Originally published by AxiTrader
The Australian dollar continues to be well supported trading up to its highest level since Anzac Day with a peak of 0.7566 against the US dollar overnight. It is also making gains against the euro, kiwi, Canadian dollar, and yen with this current rally.
It's a strange rally in many ways because at a macro level the fundamental supports seem to be lacking.
Iron ore is languishing again. Australian GDP growth yesterday wasn't awful. But it was supported by inventory and consumption - both of which may prove ephemeral drivers. And the growth rate of just 1.7% for the year to the end of March is the weakest level since the GFC.
It's not the healthiest starting point for the RBA's increasingly heroic expectation that growth is going to accelerate back toward potential at 3% and beyond. But it was that expectation, and a weaker US dollar which was a big part of the drive higher in the Aussie so far this week.
But my sense of this rally is that with the Aussie consistently finding support recently in the mid 73 cent region against the US dollar, with the AUD/NZD itself finding support above 1.04 and near a long term trendline which stretches back to 2104, and with the Australian data over the past few days not as bad as many were starting to fear the outlook for the Aussie brightened. Both against the US dollar and on the crosses.
Naturally, as I have been writing the last few days it was also a technically driven rally with the break of the 200 day moving average at 0.7527 a positive medium term sign.
The question of course is can the Aussie continue to rise against this backdrop where iron ore is weak, bond spreads to the US compressed, and the domestic economic outlook clouded.
The answer to that question is maybe.
The Aussie has materially underperformed US dollar weakness over the past month and is only just now starting to catch up. That's one of the reasons it's again making headway on the crosses.
Based on just the US dollar as an indicator - without the handbrake of Australia's commodity basket and bond spreads - the Aussie could be trading as high as 79 cents. But when you add in the hand brakes the Aussie is likely approach a fairer value in this 0.7550 region right now.

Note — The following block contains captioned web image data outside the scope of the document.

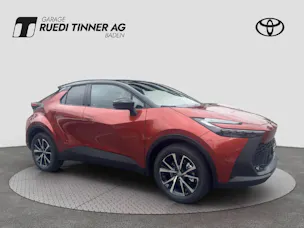 Toyota C-HR 2.0 PHEV Swiss Edition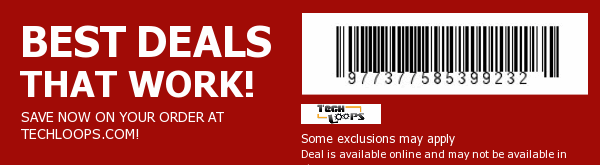 Techloops.com Coupon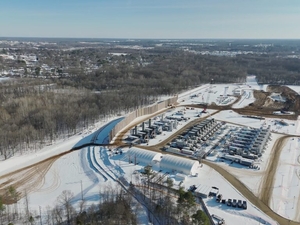 Local Tennessee officials are putting data center plans on ice to consider regulations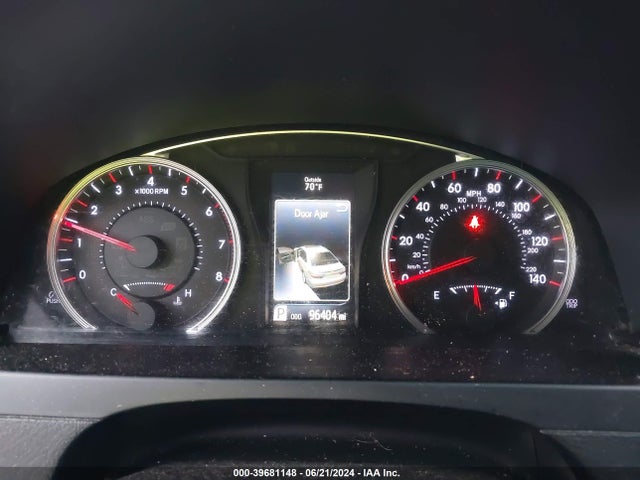 Toyota CAMRY SE 2017 4T1BF1FK2HU332866 Image 7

That means it gains are going to be harder to find unless we see further US dollar selling or a turnaround in base metal prices and or bond spreads. That might be a stretch right now. And that suggests a move up to 0.7590/0.7610 might be both achievable short term but a stretch to hold for an extended period for the Aussie.
Short term the 4 hour charts for the AUD/USD look like they might be turning for a run back toward 0.7620/25 while below last night's high at 0.7566. There is short term support from a very steep trendline at 0.7535 on the day as well.
Here's the chart.
The crosses are more sanguine.
AUD/NZD looks positive up toward resistance at 1.0550. But that resistance, the bottom of the old downtrend channel, looks pretty solid right now. EUR/AUD looks biased lower though. Perhaps even to 1.4650 or lower.
AUD/JPY is in a range and GBP/AUD depends on the outcome of the election tonight.
On the data front both the Australian and Chinese trade data will be important today for Aussie dollar traders.